I had a huge birthday party at one of the Sales guy's houses a couple of years ago, and asked him if his band would play. I forget what he was doing in the eighties, but his newest group was a surprisingly awesome and spot-on Led Zeppelin cover band. About one hundred of my friends showed up too, some of them with their own instruments. It would've been a great party if you were watching it on television, from another country. Some of my girlfriends set up a nice bar outside so that I could drink appropriately after a 12 year hiatus. That wasn't my best idea. Many of the Sales guy's friends showed up too. It was like a musical show down.

None of my friends' styles matched the house band
And my friend's guitar pics were the nails on his hand
Then he and his brother played bright like the sun
And jokingly spoke to the guests while they'd strum
Stream of consciousness, where someone says
the very first thing that pops into their heads
Like, "We live in Topanga, is that a joint in your hand?
Now please check out our awesome band"
Then the Zeppelin guys would get back on guitar
While the angry remainder came inside from the bar
Donnie Darko wall leaners with brooding demeanors
And only pot smoke in their hearts
Or lungs
On that night, the tensions were tight
But the pants were so much tighter

A friend of mine felt he should go up and join the Zeppelin band and play harmonica and sing along, and while I thought he did really well, I don't think the band's lead singer thought so, glaring at him from the couch. Needless to say it was a clash of the vibes, and
I couldn't possibly get drunk enough to tune any of it out.
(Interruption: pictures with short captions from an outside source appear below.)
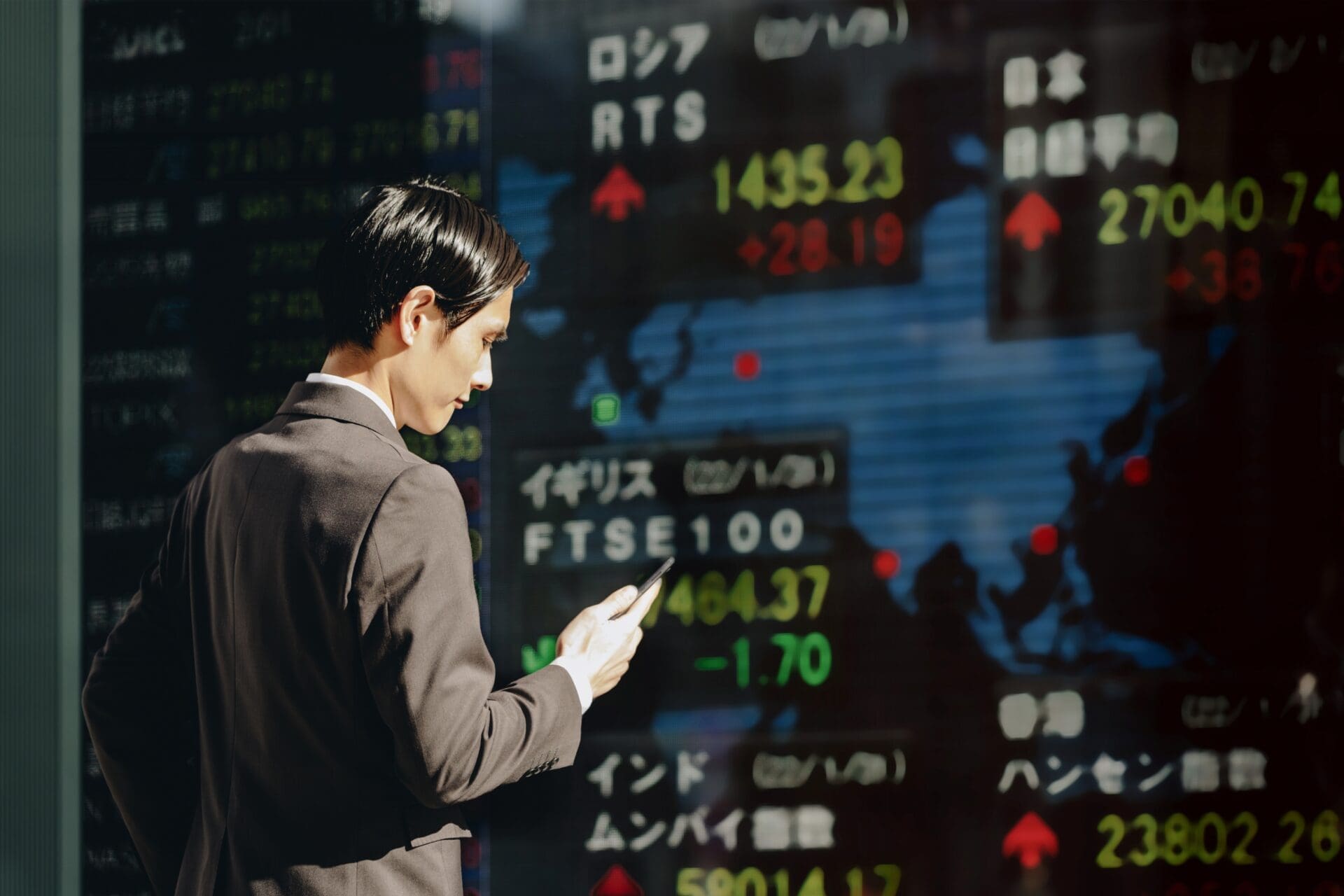 Businessman in a dark suit checks his smartphone while standing in front of a large digital screen displaying global stock market indices.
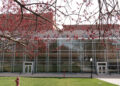 Center for the Performing Arts in spring. Photo taken standing under tress that are just starting to bloom.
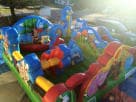 Toddler Animal Kingdom bounce house rental in Dallas with colorful blue, red, and green sections, ideal for Plano birthday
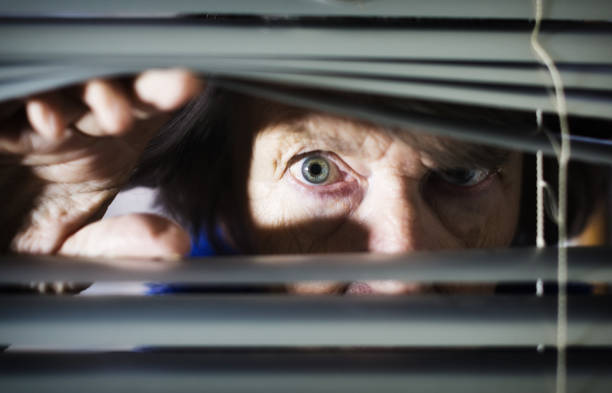 istock Nervous senior woman peeping through blind 1166345413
Externally, it was a hit, and probably people had a good time. But for all of it, I have to say it was one of the worst parties I've ever attended. I was grateful to the host, but more grateful to leave, and gave him a nice Vaporizer to thank him. Naturally he already had one.

Sometimes everything lines up. It's perfect, because you can feel it. You look around and you're in an abandoned town somewhere 1000 miles from home where life is falling apart and living is desperate, and maybe you're not, so you hang out a little to make it better. You feel like everything is okay because you're supposed to be there, drinking tap water and eating moss. And then some other times, you end up at a perfectly constructed event, where everything is in its place, and glasses sparkle and people have hip threads, undeniable talent and irreverent eyes; but for the life of you, you can't connect with any of it. And doing that enough, you could so easily lose your head.